Thursday, February 24, 2011

Christian Counseling - Beware Media Reporting

http://abcnews.go.com/Health/HeartHealth/diet-soda-linked-heart-attack-stroke-risk/story?id=12868269

Recently, the media began reporting on a study linking diet soda to increased stroke risk. A search of the Internet for "diet soda and stroke" came up with 1,400,000 hits. The above included link provides the best information I could find describing the study and its limitations. The problem with much of the material I viewed on the Internet and on television is that the study is presented as having found a cause and effect relationship between diet soda and stroke. This is simply not true. The data is correlational in nature. Therefore, there is a relationship between diet soda and stroke risk, but the nature of this relationship is not understood. The ABC News article does an excellent job of describing the other possible variables that may account for the relationship between diet soda and stroke.
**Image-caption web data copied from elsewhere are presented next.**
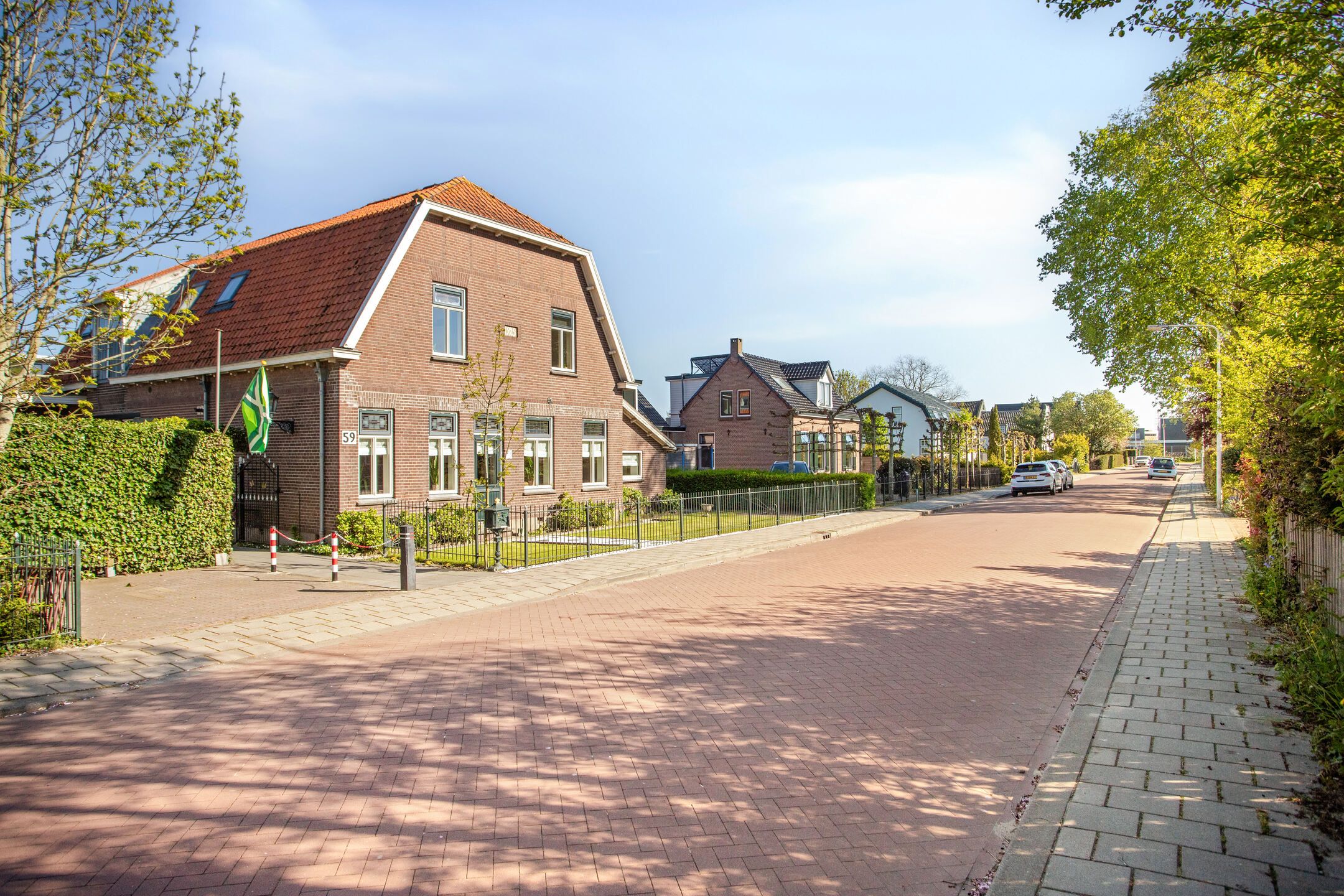 Photo 3 of Carnisseweg 59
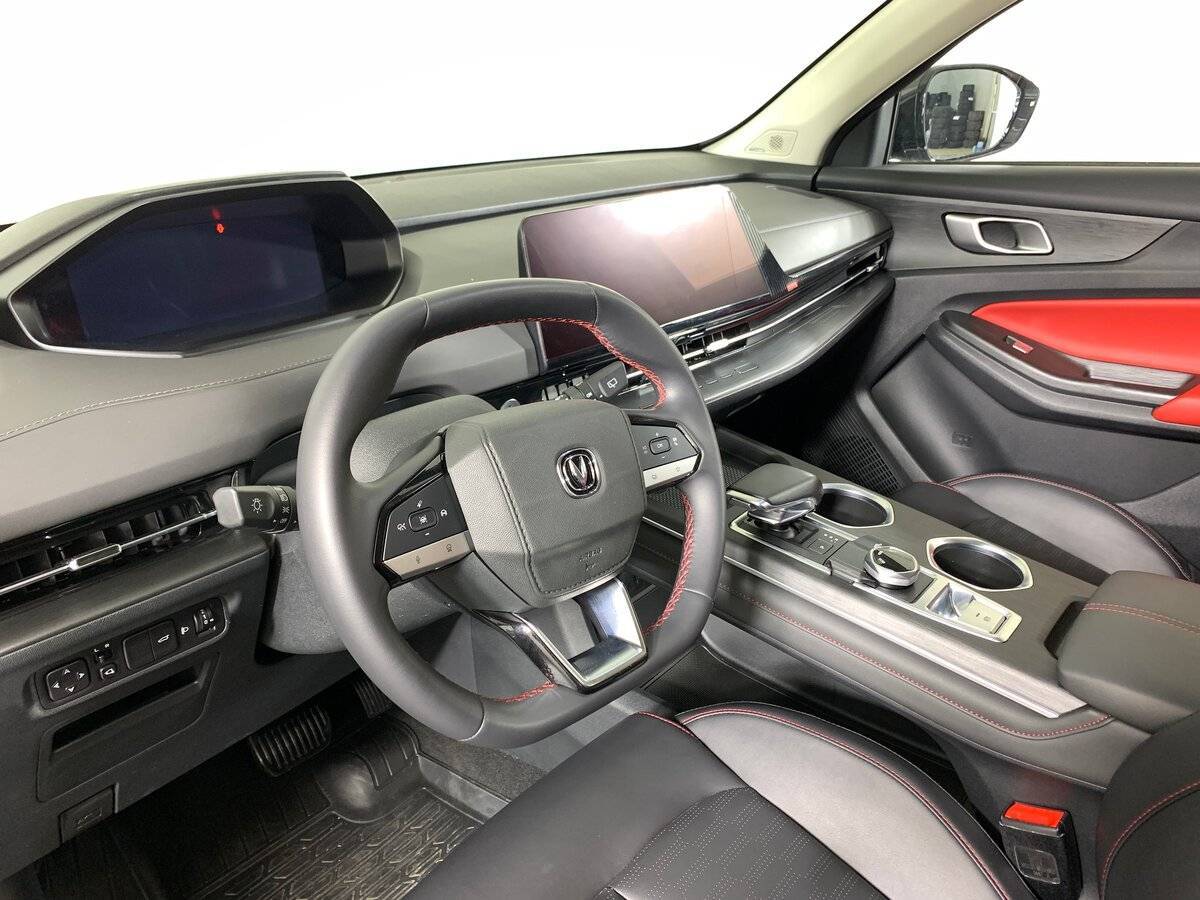 Changan CS55 Plus, 2024 Фото №11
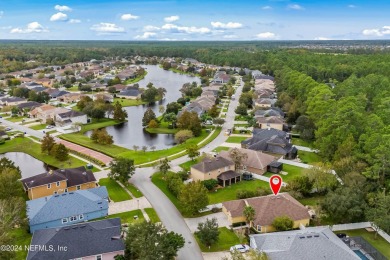 This beautiful SEVILLA home is ready for its next owner! Located on Slammer and Squire Golf Course in Florida - for sale on GolfHomes.com, golf home, golf lot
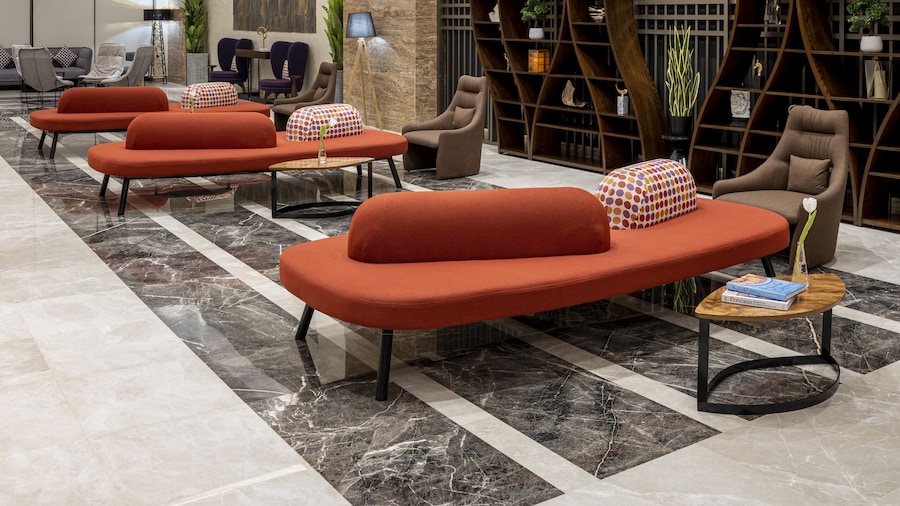 Novotel Makkah Thakher City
Another problem with some media reporting is that, while they discussed the limitations of the study, they also encouraged people to cut back on their diet soda intake. Why? If there is no causal link between diet soda and health concerns, why would someone need to curtail their diet soda intake?

Finally, what is also problematic is that studies like this one are then used by some politicians to change public policy. It is likely that, in the near future, a state senator somewhere will write a piece of legislation designed to increase taxes on diet soda, using this study to say that there is an increased public health risk stemming from diet soda intake.

As always, we must be cautious about media reporting of scientific studies, and, when research is correlational in nature, we must consider the other variables that might be influencing the results. Remember, just because the rooster crows and the sun comes up, it does not mean that the rooster causes the sun to come up.